- _EXERCISE INSTRUCTIONS_
Nothing in the records should be changed in the copy, though the pictures must be left out.

- _PROVIDED MATERIAL_
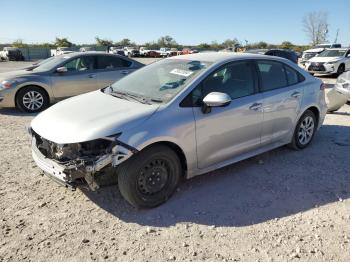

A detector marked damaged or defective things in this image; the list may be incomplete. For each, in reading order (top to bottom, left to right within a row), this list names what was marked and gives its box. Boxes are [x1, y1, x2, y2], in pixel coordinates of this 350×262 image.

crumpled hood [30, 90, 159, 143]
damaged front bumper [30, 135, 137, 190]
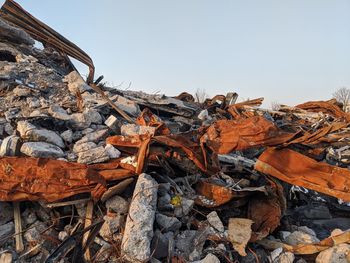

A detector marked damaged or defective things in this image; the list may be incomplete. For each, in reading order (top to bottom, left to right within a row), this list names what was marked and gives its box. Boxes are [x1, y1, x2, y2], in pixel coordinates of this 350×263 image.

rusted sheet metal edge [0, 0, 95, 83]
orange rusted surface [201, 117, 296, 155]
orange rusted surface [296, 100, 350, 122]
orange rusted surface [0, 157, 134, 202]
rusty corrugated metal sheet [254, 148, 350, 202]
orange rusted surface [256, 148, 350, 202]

- _OUTPUT_
A detector marked damaged or defective things in this image; the list may be incomplete. For each, in reading order (top to bottom, left to right within a row), this list names what was marked and gives its box. Boxes are [x1, y1, x2, y2], in pixel coordinates of this 350×262 image.

crumpled hood [30, 90, 159, 143]
damaged front bumper [30, 135, 137, 190]

A detector marked damaged or defective things in this image; the list may be incomplete. For each, in reading order (top to bottom, left to right within a row), this list names what was marked and gives its box. Boxes are [x1, y1, x2, y2], in pixel coordinates of this 350×263 image.

rusted sheet metal edge [0, 0, 95, 83]
orange rusted surface [201, 117, 296, 155]
orange rusted surface [296, 100, 350, 122]
orange rusted surface [0, 157, 134, 202]
rusty corrugated metal sheet [254, 148, 350, 202]
orange rusted surface [256, 148, 350, 202]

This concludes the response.